• **Activity**
Transcribe, exactly and without pictures, the lines below from the line with "Gallery image thumbnail" to the line with "crown, vintage jewels", both ends included, and no others.

• **Supplied data**
┏━━

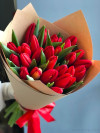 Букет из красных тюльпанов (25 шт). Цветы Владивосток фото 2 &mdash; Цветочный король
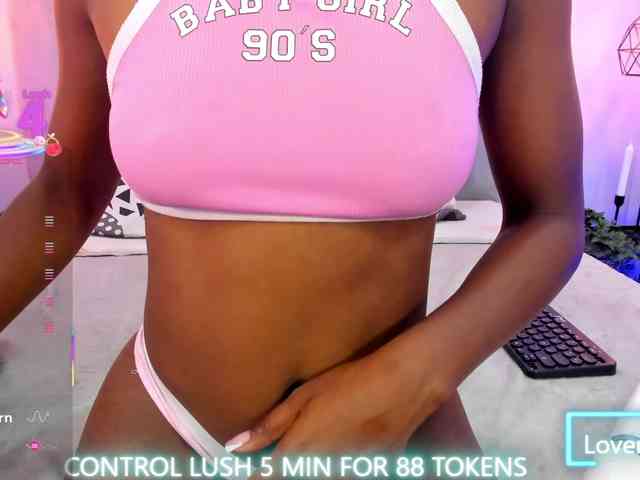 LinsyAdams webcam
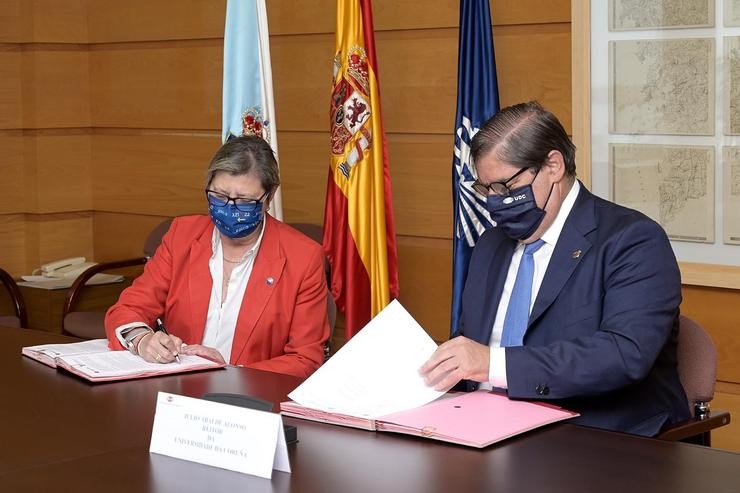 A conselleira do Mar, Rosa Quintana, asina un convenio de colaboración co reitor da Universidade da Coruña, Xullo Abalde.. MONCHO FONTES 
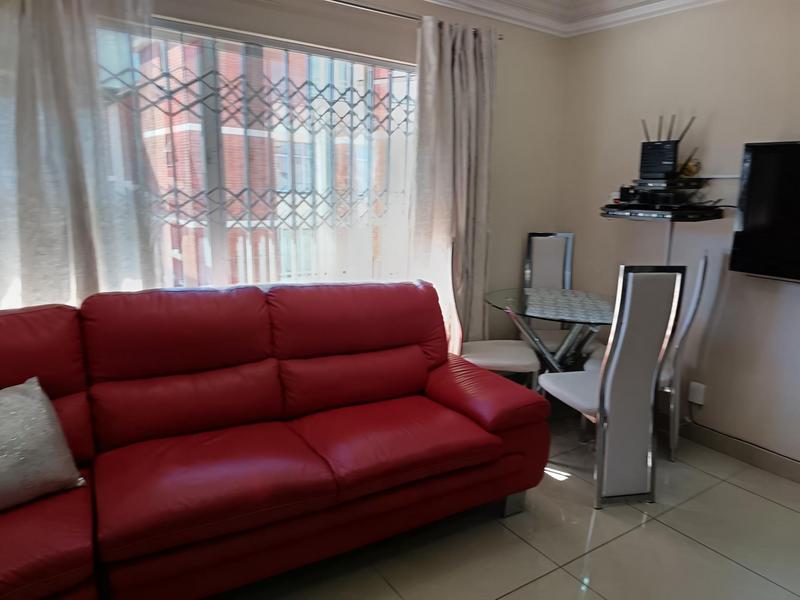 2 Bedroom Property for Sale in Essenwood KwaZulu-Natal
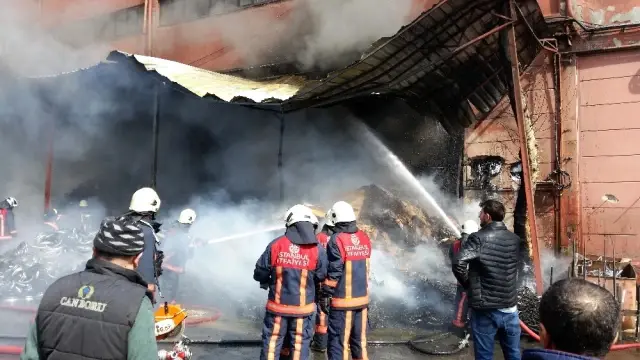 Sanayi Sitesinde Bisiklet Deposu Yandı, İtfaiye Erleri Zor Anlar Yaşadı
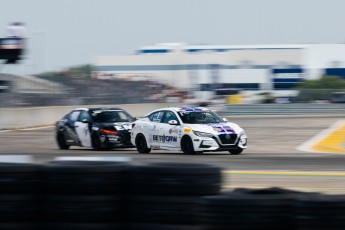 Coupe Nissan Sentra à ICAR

┗━━
┏━━

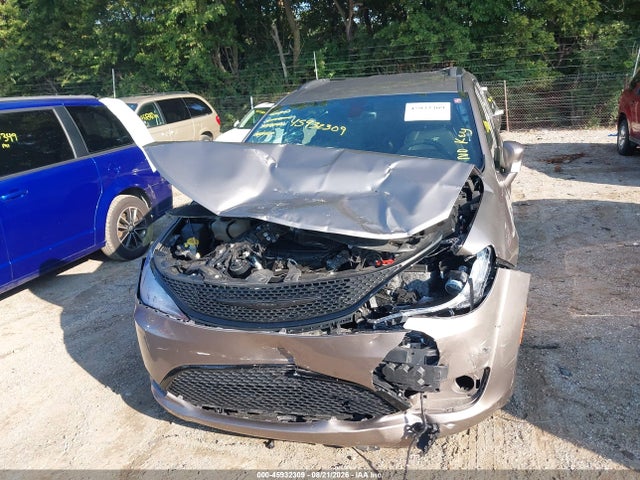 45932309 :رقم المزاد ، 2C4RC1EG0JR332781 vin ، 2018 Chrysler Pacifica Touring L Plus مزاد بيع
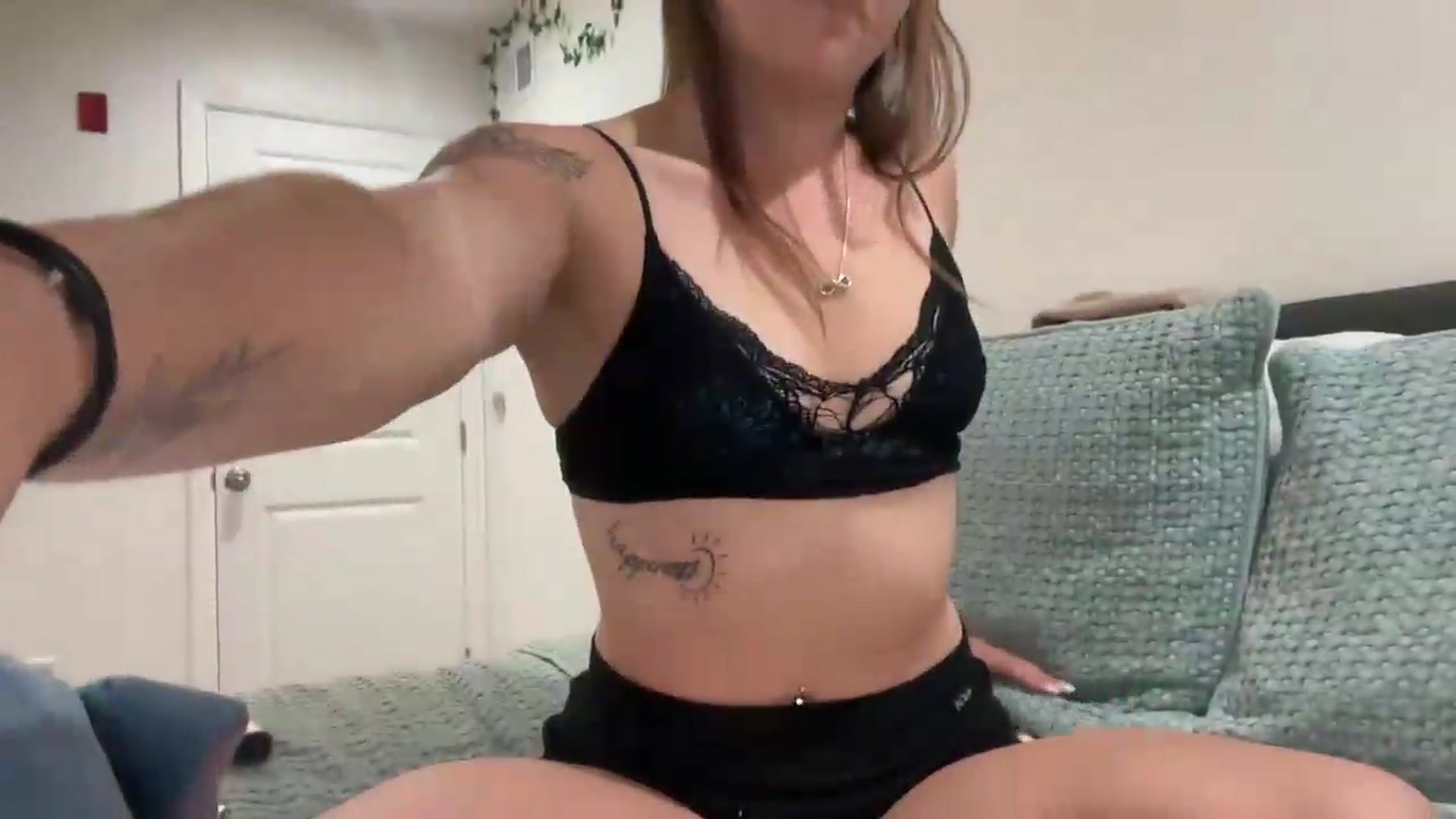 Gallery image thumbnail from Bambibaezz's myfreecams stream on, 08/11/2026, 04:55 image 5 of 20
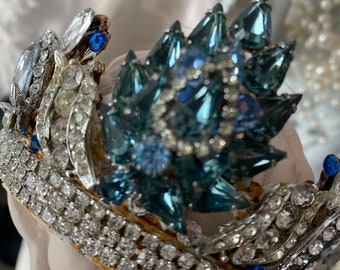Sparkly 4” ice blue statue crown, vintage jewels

┗━━

• **Task solution**
 Gallery image thumbnail from Bambibaezz's myfreecams stream on, 08/11/2026, 04:55 image 5 of 20
Sparkly 4” ice blue statue crown, vintage jewels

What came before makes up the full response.